• _WORK INSTRUCTIONS_: Would you repeat word for word the lines of the listing that follows, from the one with "Veste noire imperméable" up to and including the one with "DU786 CUADRA MEN'S", and leave out the images?

• _MATERIAL SUPPLIED_:
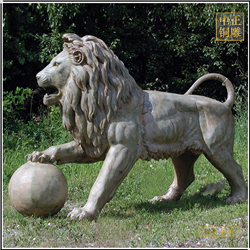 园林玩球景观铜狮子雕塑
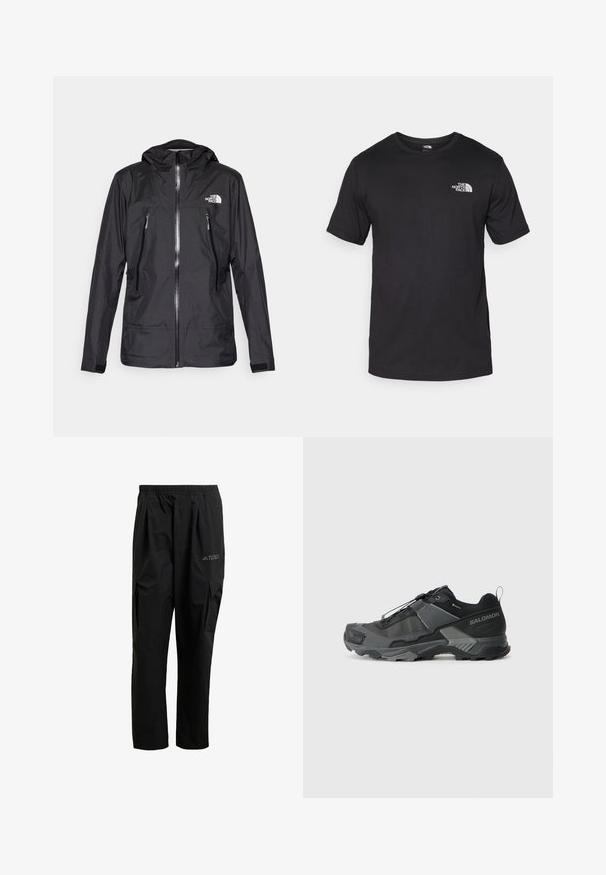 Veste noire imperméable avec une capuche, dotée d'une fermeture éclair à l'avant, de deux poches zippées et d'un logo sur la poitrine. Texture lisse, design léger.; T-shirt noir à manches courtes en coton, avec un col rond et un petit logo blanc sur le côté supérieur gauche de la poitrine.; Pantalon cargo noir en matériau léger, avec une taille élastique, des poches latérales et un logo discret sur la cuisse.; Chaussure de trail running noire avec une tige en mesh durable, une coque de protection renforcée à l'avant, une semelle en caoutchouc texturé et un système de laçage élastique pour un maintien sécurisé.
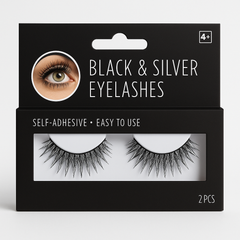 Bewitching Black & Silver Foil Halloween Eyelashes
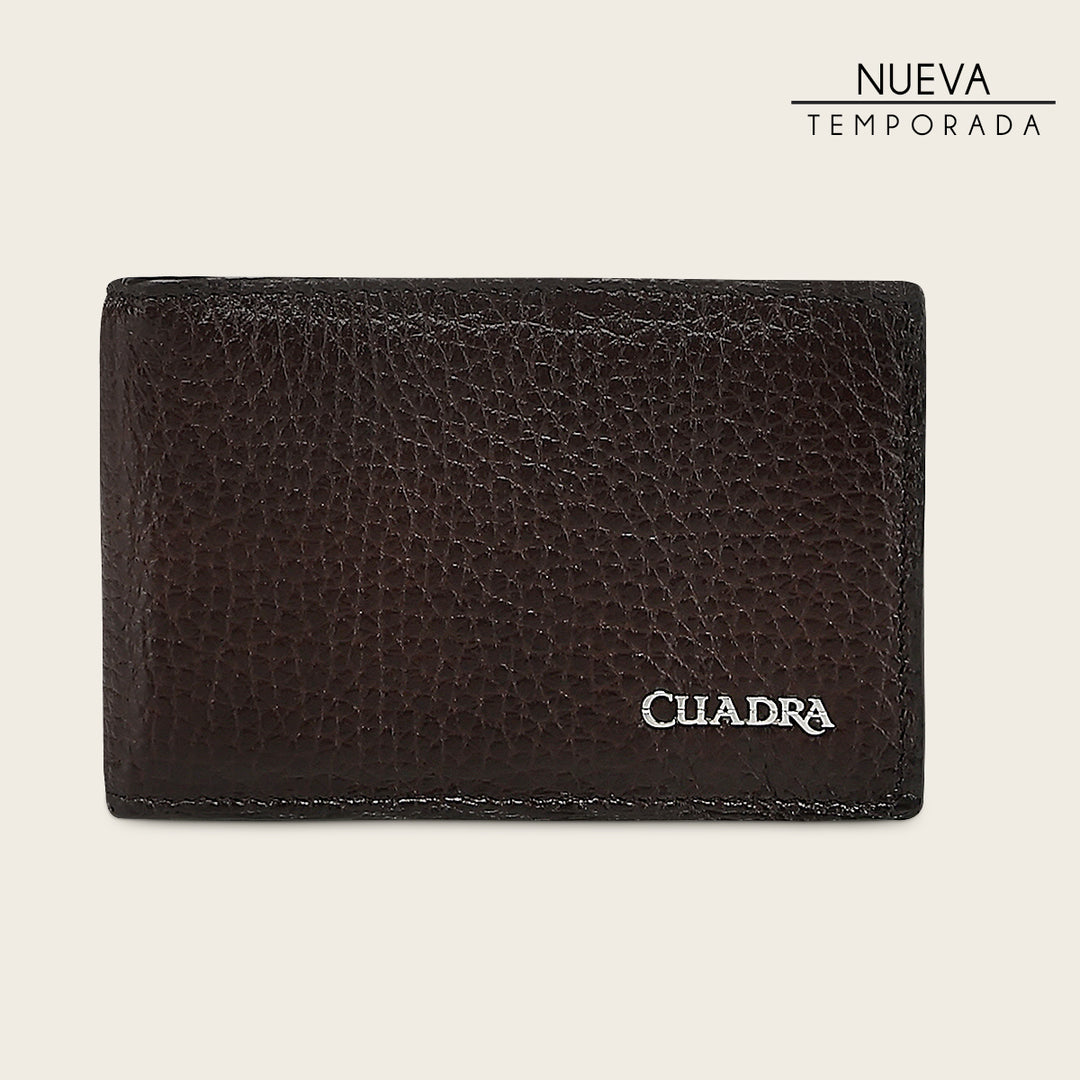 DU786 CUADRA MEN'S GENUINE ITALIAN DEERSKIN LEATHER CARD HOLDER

==

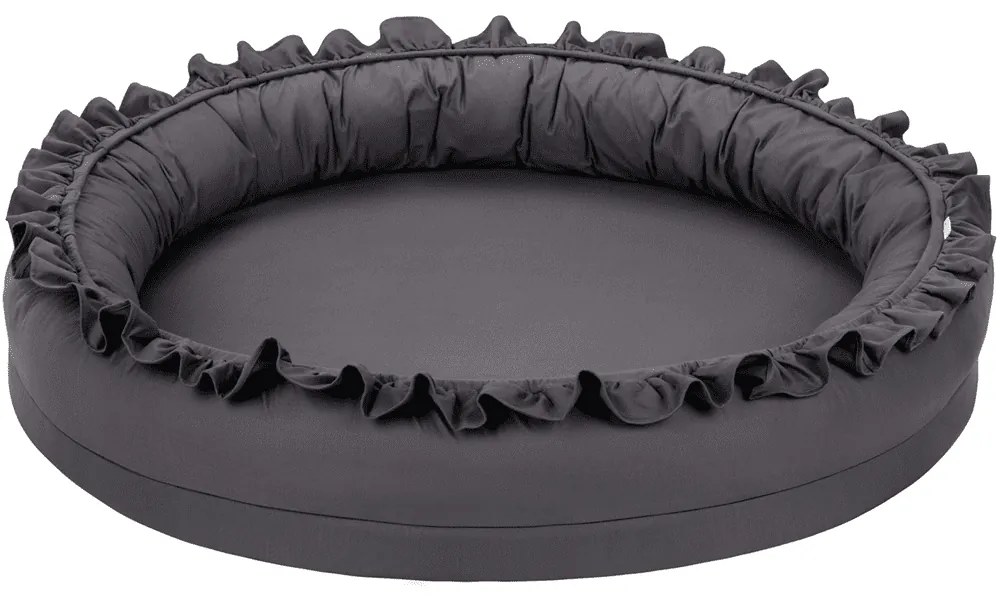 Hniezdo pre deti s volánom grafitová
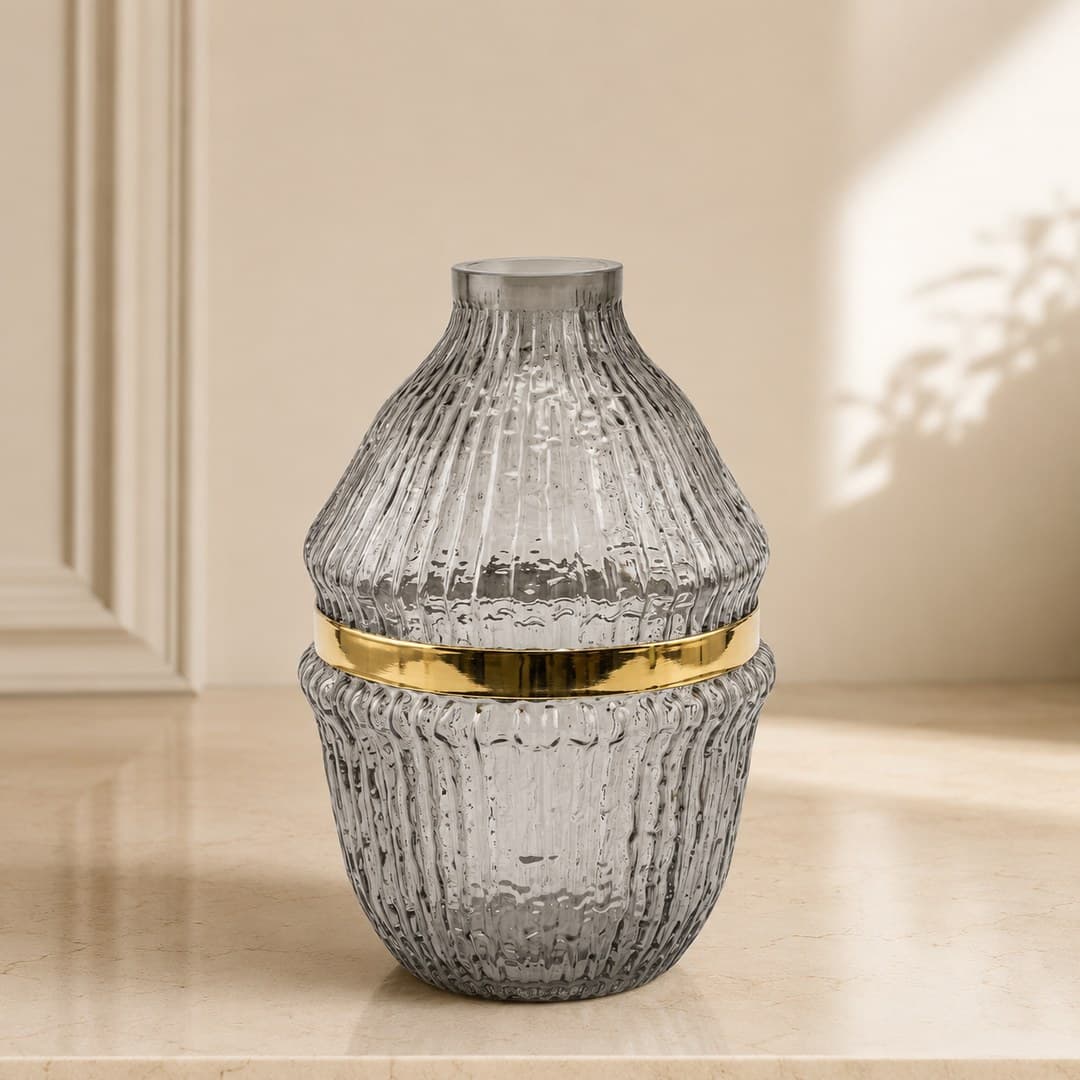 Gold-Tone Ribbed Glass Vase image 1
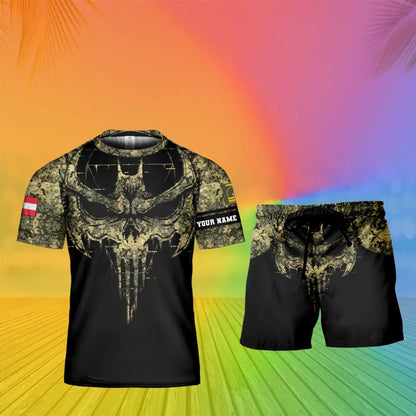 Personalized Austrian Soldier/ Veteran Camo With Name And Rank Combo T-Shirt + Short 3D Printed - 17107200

• _PROBLEM SOLUTION_:
 Veste noire imperméable avec une capuche, dotée d'une fermeture éclair à l'avant, de deux poches zippées et d'un logo sur la poitrine. Texture lisse, design léger.; T-shirt noir à manches courtes en coton, avec un col rond et un petit logo blanc sur le côté supérieur gauche de la poitrine.; Pantalon cargo noir en matériau léger, avec une taille élastique, des poches latérales et un logo discret sur la cuisse.; Chaussure de trail running noire avec une tige en mesh durable, une coque de protection renforcée à l'avant, une semelle en caoutchouc texturé et un système de laçage élastique pour un maintien sécurisé.
 Bewitching Black & Silver Foil Halloween Eyelashes
 DU786 CUADRA MEN'S GENUINE ITALIAN DEERSKIN LEATHER CARD HOLDER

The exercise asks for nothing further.